## Stored entries:
====

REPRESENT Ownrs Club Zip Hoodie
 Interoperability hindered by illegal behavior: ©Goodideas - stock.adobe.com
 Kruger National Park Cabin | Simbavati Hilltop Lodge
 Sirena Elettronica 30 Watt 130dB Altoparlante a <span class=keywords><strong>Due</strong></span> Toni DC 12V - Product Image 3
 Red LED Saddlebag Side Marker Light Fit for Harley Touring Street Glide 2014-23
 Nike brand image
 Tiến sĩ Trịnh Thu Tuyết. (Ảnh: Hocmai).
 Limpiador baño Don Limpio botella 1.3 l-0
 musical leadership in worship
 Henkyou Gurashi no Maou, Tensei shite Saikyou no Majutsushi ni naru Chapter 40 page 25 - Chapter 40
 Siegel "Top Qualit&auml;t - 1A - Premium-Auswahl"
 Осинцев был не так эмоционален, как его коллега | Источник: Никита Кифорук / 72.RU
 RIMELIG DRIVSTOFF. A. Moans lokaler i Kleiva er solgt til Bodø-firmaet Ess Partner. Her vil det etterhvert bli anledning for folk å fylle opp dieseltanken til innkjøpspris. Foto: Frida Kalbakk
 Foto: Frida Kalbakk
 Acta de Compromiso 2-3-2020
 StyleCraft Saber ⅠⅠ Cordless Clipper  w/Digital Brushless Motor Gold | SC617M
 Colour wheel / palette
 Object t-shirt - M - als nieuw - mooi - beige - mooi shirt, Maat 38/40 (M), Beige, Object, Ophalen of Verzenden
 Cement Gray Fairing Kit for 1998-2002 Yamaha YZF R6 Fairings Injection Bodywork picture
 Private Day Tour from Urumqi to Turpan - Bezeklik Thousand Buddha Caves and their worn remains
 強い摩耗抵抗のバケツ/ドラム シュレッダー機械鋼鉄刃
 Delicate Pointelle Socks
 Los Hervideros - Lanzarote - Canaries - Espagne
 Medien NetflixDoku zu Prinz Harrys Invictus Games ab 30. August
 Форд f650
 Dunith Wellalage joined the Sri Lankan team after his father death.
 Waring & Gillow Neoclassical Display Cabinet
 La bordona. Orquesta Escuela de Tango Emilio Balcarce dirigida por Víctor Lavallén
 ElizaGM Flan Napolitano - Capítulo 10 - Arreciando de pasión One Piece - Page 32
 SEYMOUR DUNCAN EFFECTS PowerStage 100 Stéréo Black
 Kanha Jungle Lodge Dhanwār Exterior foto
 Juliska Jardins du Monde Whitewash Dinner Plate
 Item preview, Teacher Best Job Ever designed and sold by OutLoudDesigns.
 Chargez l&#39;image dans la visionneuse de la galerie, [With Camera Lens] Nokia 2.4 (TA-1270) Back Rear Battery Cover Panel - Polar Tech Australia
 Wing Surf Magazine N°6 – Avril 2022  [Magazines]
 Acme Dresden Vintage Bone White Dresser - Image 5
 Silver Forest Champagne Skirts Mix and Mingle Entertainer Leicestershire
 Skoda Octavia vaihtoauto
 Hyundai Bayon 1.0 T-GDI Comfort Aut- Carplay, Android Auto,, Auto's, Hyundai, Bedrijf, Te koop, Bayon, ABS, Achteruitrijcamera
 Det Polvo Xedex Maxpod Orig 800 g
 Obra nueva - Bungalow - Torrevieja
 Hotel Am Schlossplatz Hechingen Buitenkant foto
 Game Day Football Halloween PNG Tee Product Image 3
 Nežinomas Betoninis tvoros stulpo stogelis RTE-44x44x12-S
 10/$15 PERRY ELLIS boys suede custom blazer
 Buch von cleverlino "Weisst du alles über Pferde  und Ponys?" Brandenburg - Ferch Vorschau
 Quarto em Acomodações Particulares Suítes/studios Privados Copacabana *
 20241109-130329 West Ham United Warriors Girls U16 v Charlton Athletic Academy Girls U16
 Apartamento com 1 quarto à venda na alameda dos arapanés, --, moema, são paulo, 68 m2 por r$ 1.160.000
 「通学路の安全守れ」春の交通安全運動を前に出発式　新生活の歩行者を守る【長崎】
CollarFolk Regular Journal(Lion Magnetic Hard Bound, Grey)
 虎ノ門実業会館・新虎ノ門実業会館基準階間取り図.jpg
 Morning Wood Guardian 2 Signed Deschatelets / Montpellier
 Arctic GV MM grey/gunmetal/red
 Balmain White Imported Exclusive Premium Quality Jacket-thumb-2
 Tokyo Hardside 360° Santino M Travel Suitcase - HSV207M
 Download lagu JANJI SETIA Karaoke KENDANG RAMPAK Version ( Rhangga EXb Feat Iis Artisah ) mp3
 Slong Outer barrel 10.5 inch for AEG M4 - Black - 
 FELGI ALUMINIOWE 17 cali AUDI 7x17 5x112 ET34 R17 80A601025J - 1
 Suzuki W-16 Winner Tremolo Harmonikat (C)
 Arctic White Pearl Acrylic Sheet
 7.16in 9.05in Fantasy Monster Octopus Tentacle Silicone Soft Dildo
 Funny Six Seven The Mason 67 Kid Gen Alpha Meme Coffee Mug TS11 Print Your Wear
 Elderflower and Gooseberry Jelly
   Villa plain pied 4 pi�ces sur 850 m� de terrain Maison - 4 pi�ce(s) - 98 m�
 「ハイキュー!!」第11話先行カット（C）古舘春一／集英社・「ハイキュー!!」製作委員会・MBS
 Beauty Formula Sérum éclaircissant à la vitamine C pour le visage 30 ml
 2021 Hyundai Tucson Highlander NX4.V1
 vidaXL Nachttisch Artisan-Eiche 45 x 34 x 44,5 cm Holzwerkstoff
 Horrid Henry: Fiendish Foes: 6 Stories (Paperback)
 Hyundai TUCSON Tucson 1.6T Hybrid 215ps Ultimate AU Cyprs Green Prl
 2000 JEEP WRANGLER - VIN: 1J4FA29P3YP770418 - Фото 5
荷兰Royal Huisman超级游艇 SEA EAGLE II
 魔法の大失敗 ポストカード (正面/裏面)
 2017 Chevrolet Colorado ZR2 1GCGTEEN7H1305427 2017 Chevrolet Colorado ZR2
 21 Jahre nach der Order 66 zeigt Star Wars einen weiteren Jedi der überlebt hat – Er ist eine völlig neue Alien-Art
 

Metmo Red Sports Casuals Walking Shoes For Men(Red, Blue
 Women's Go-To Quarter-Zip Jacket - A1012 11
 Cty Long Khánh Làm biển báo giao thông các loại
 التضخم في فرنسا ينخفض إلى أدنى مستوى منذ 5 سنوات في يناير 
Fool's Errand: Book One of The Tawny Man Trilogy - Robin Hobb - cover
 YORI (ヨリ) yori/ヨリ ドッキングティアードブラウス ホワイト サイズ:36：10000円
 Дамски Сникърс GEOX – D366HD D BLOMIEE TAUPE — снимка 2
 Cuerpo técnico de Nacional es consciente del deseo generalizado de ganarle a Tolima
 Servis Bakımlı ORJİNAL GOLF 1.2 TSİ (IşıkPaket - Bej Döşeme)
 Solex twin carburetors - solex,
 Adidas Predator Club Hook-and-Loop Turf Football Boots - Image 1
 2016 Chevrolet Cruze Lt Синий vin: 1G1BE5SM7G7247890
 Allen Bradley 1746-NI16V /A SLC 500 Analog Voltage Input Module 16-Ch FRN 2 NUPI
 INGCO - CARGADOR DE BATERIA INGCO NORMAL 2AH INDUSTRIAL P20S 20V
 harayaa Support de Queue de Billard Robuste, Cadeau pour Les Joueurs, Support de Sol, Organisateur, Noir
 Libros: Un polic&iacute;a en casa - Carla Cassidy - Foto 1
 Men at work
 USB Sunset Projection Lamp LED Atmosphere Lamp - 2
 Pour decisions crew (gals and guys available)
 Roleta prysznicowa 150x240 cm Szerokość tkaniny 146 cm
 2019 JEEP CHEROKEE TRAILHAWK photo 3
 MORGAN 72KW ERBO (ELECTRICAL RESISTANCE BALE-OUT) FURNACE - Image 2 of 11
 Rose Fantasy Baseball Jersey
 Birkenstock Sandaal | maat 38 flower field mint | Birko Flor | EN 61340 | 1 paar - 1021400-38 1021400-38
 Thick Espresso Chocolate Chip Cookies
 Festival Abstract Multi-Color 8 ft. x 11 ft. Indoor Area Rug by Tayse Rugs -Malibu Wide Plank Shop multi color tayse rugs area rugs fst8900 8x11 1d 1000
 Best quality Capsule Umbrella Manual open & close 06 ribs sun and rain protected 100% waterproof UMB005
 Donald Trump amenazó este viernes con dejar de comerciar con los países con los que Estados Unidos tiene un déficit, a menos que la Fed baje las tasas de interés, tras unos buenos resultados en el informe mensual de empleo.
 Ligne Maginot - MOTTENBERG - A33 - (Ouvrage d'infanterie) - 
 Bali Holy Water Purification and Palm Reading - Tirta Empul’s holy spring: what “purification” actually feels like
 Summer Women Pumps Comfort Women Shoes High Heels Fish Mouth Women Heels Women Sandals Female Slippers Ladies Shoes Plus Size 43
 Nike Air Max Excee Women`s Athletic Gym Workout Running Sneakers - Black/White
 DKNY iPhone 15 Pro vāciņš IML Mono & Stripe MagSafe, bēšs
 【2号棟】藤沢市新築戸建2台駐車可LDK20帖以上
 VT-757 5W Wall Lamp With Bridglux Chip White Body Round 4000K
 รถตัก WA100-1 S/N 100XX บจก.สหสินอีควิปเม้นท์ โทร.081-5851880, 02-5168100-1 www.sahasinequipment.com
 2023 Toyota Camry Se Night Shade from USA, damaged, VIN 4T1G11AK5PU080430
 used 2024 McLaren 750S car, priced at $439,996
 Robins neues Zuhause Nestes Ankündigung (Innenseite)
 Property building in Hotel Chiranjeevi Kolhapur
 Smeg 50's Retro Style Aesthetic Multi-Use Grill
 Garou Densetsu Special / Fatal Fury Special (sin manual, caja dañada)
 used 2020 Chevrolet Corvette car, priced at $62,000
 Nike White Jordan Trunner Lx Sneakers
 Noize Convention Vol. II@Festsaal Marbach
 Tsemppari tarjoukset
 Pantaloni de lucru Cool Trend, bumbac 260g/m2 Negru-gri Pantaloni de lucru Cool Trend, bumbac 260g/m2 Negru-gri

====

Taking the records above, retype every line from the one with "INGCO - CARGADOR" down to the one with "Men at work", exactly and with nothing else.

## Solution below:
 INGCO - CARGADOR DE BATERIA INGCO NORMAL 2AH INDUSTRIAL P20S 20V
 harayaa Support de Queue de Billard Robuste, Cadeau pour Les Joueurs, Support de Sol, Organisateur, Noir
 Libros: Un polic&iacute;a en casa - Carla Cassidy - Foto 1
 Men at work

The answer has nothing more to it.